Watch any local television station and your bound to have the privilege of viewing one of Wal-Mart’s hokey ads, equating their corporate theft with small town values and extolling the chain’s supposed commitment to community causes—like low-wage jobs, environmental damage and sprawl are values I desire for my little corner of the world!
What bothers me the most and is most ironic, is that the people who have the most to lose by supporting Wal-Mart, merrily drop their hard-earned money on counters in community, after community, all over the country. These duped consumers are the very people that Sam Walton’s heirs keep pitching their disingenuous marketing drivel to.
It reminds me of Thomas Frank’s book, What’s The Matter With Kansas, which came out in 2005. Frank wonders how his fellow Midwesterners—descended from free-soil, abolitionist progressives and prairie socialists—could back a candidate with an agenda like George Bush, who shows little, or no concern for the issues that ought to make these members of the working class deplore this midget of a man? Frank goes on at length about the place that historian Walter Prescott Webb called a “hotbed of persistent radicalism,” the seedbed of Social Security and agrarian reform, yet, it sided with the bosses and backed an ideology that promises the destruction of the liberal state's social-welfare safety net.
Just like Frank, I shake my head and wonder, whenever I drive by a Wal-Mart store and see the human vestiges of 20 plus years of class war, driving their run-down heaps of metal, all being drawn to Wal-Mart's smiley face like flies to shit.
On top of all the obvious reasons why consumers ought to march to their local spawn of Sam Walton and burn it to the ground, the multi-national retailer, whose motto ought to be, “profits, over people, all the time” is currently fighting legislation, which would tighten security at our ports and close some of the gaping holes in security that currently exist. Like always, Wal-Mart’s motive is profit, as if they couldn’t sacrifice a million, or two, to make sure that storage containers were properly scanned.
Since 9-11, Wal-Mart, along with its lobbying group, the Retail Industry Leaders Association, have systematically undercut security by working diligently to defeat proposals and undermine current laws that are designed to make our ports more, not less, secure. These slick lobbyists, with their expensive suits, probably with a flag pin affixed to their lapels, have been working overtime to sway Washington politicians to their position of making sure that Wal-Mart and some of their other clients—large retailers like Sears, Target, Home Depot, Best Buy—don’t have to have their foreign containers properly inspected. The primary reason—profits, at the risk of security for Americans.

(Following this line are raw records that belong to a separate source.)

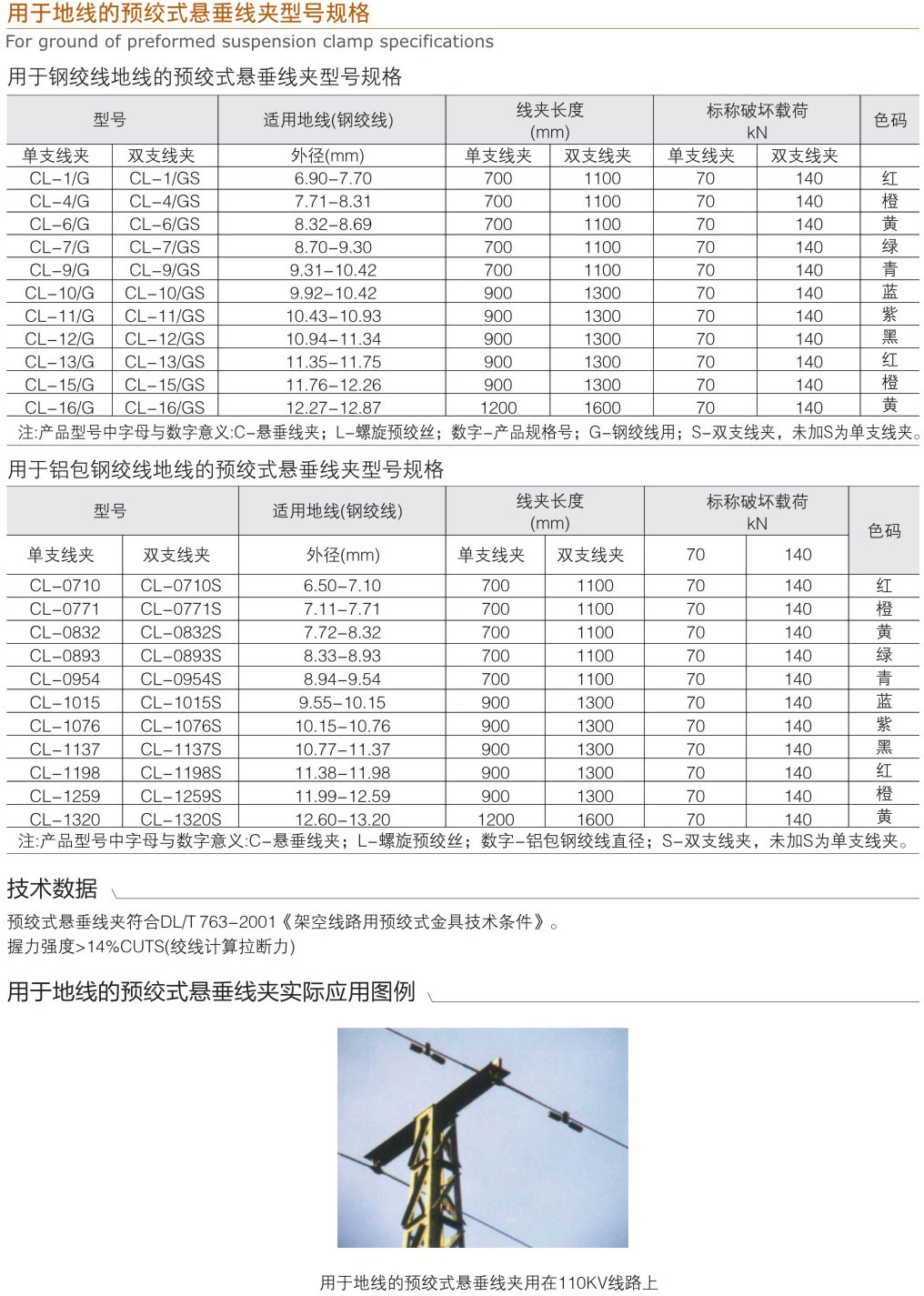 用于地線的預(yù)絞式懸垂線夾型號(hào)規(guī)格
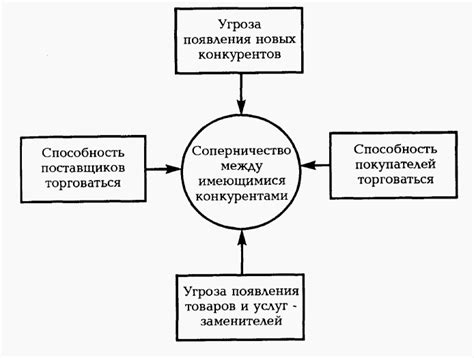 Основные методы борьбы:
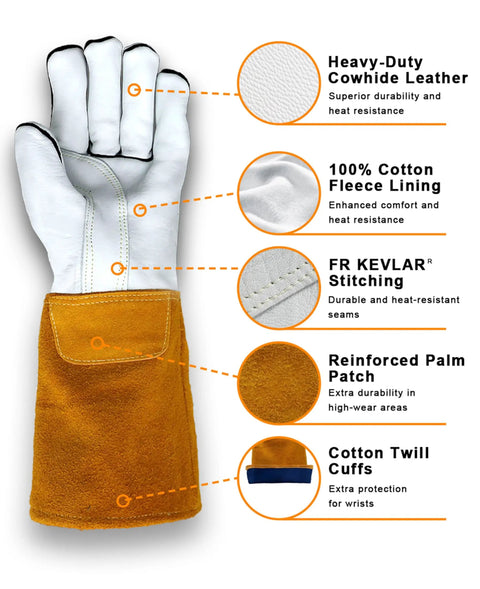 Game Changer 14 Inch Welding Gloves Crafted From Tough Grain Cowhide Leather With Kevlar Stitched Backings And Plush Cotton Liner For Knockout Heat Resistance On Daily Trade Grind detailed view showcasing leather, cotton lining, and reinforced palm.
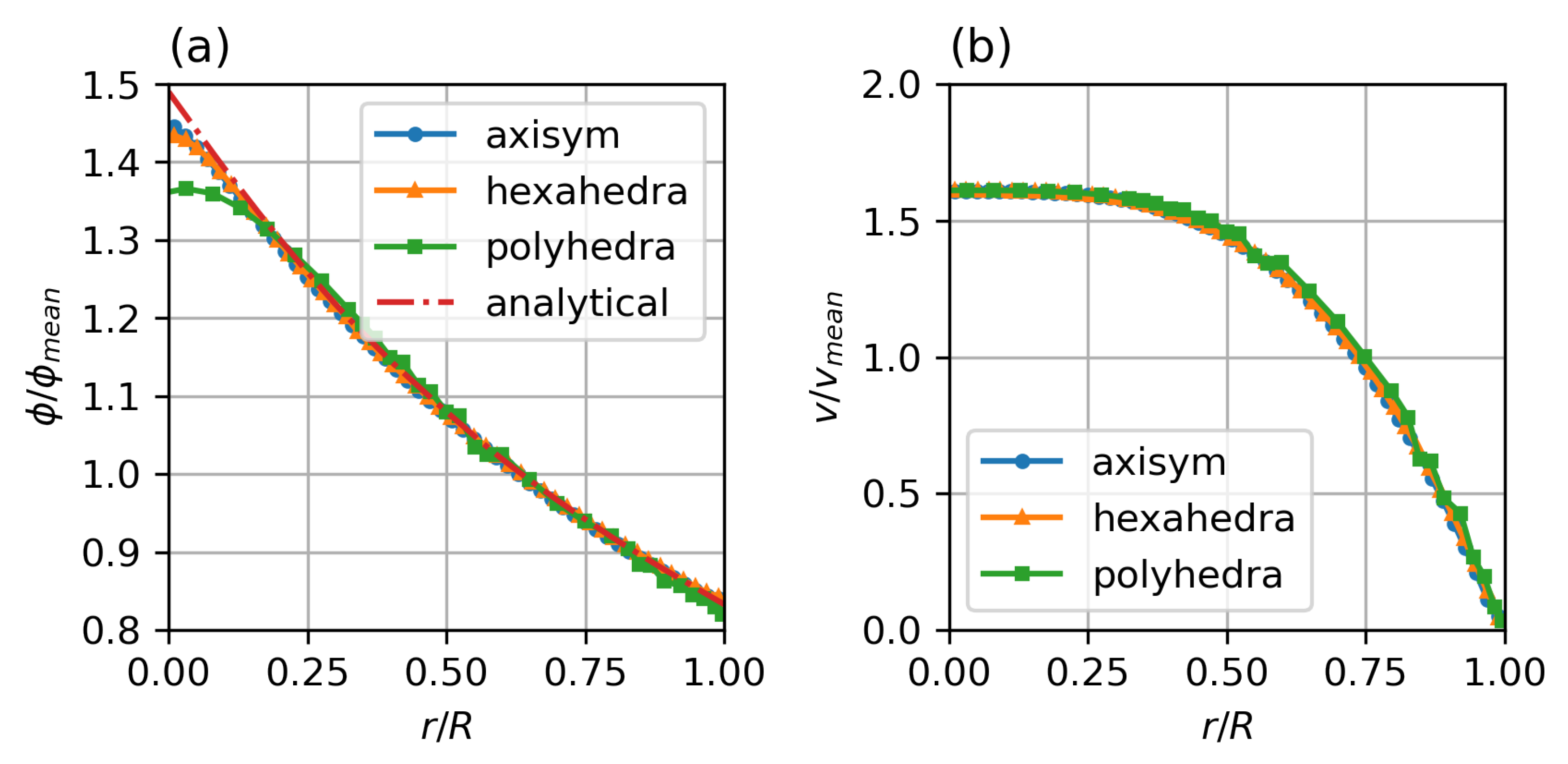 Mathematics 09 02100 g004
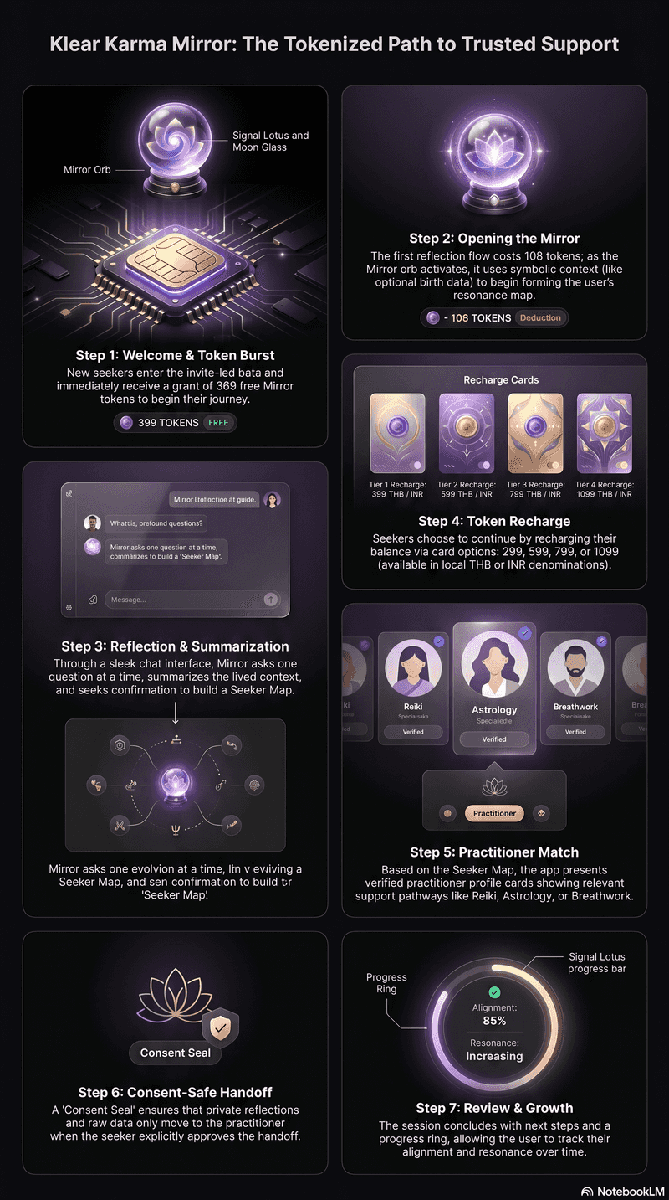 The Tokenized Path to Support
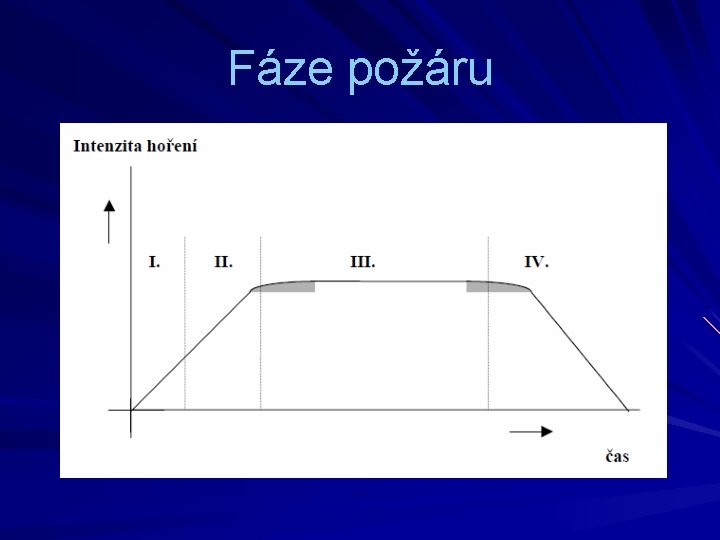 Fáze požáru 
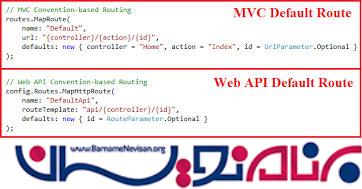 سیستم مسیریابی در WebAPI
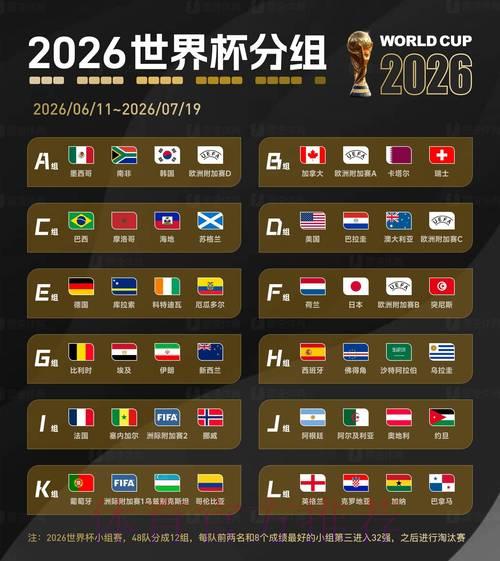 2026世界杯官方外围竞猜平台最新入口访问完整指南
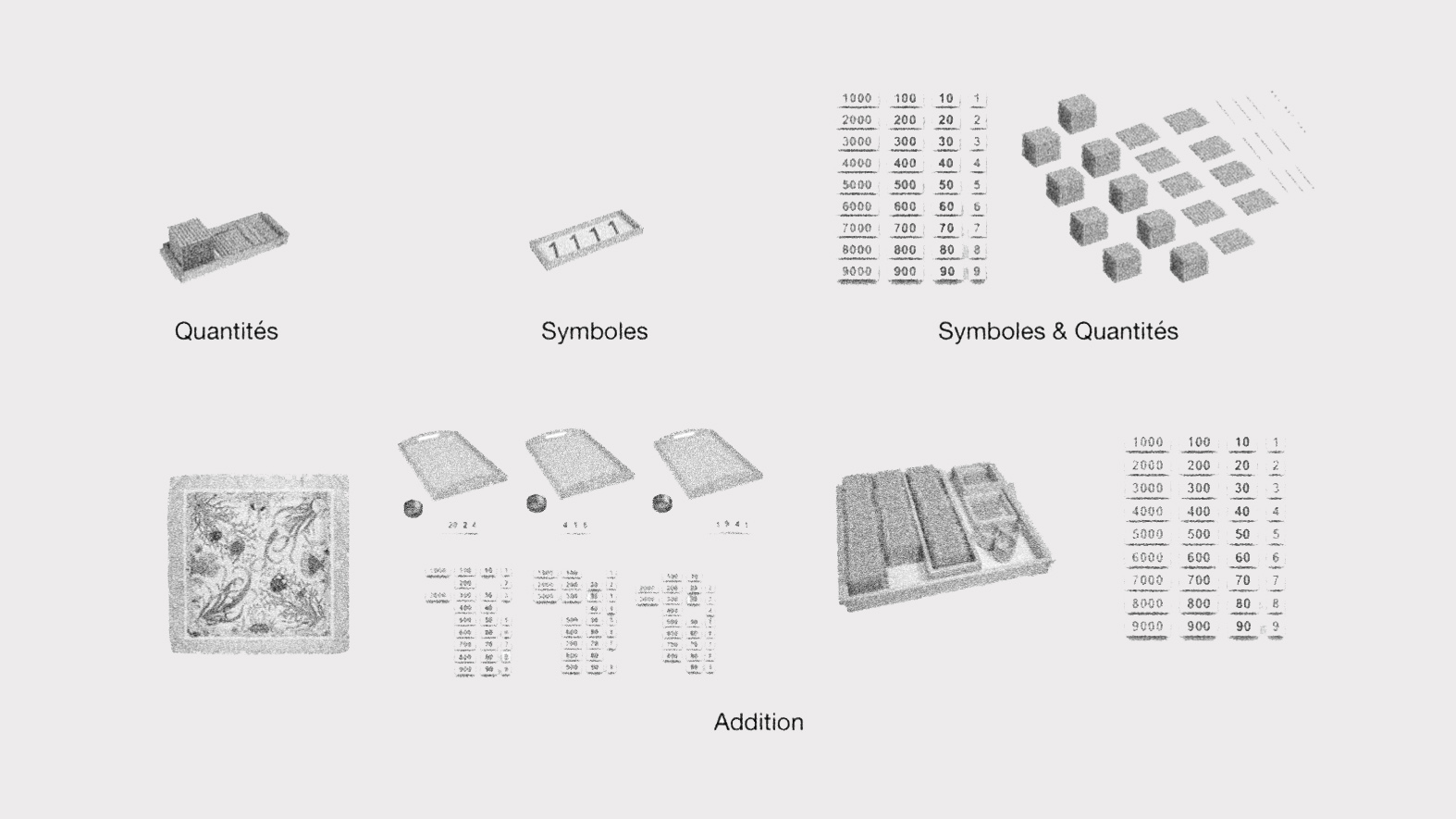 14.systeme decimal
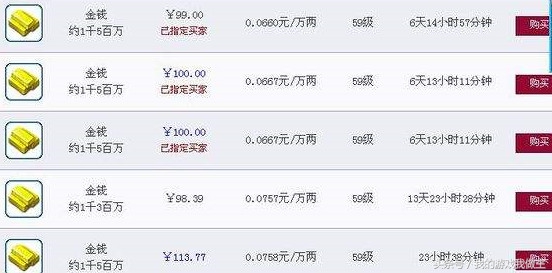 网络游戏有什么办法挣钱,玩网络游戏真的可以挣钱吗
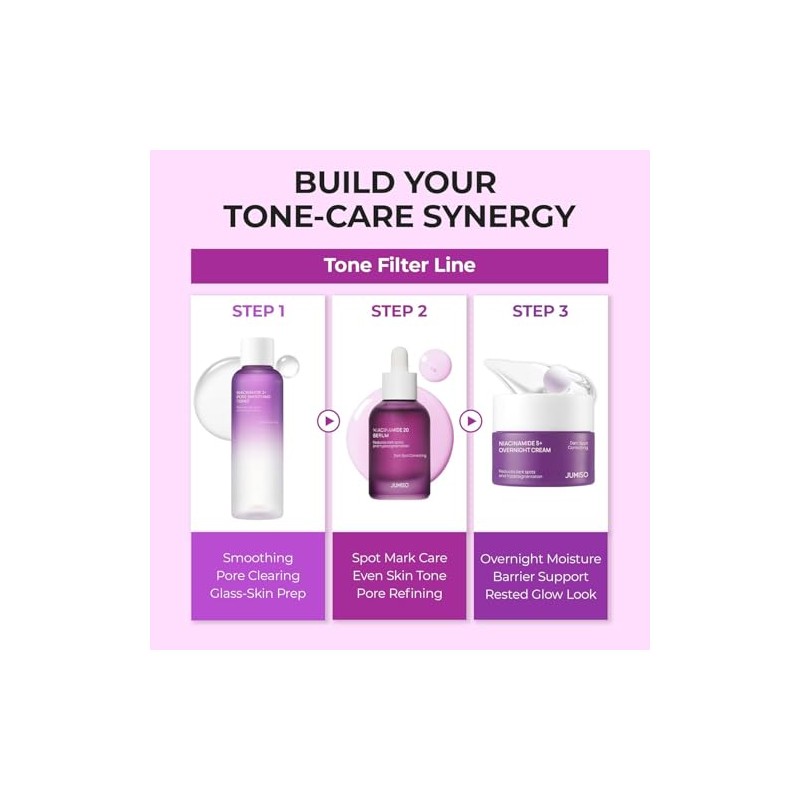 JUMISO Niacinamide 20 Serum - Korean Face Serum with Glutathione,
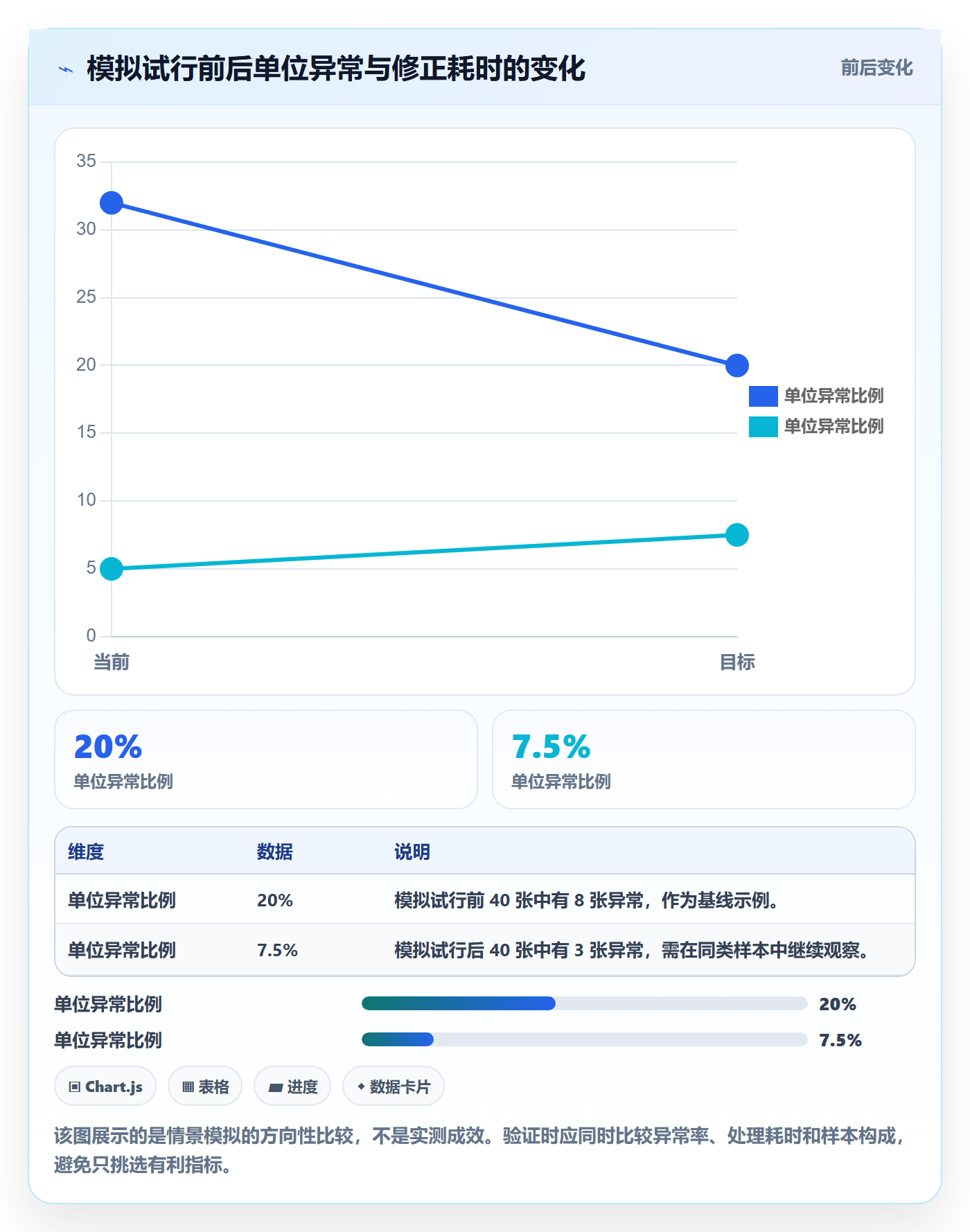 erp数据录入规划方法：错误修正与数据复盘如何衔接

Most recently, Wal-Mart, along with the RILA has been lobbying hard to ensure that their containers won’t be required to fall under recent legislation that calls for 100 percent scanning of all containers entering U.S. ports, which was part of a new U.S. House bill. Wal-Mart is claiming that it would needlessly impede the speed of imports potentially hurting Wal-Mart’s profits.
As Jerry once sang, “Wave that flag, wave it wide and high.” Wal-Mart is a master at that practice, while the cameras run—when the whir of the cameras stop, however and the lights go down, good ole’ Wal-Mart takes that very flag and sticks it up America’s hind orifice, while laughing all the way to the bank, with their loot.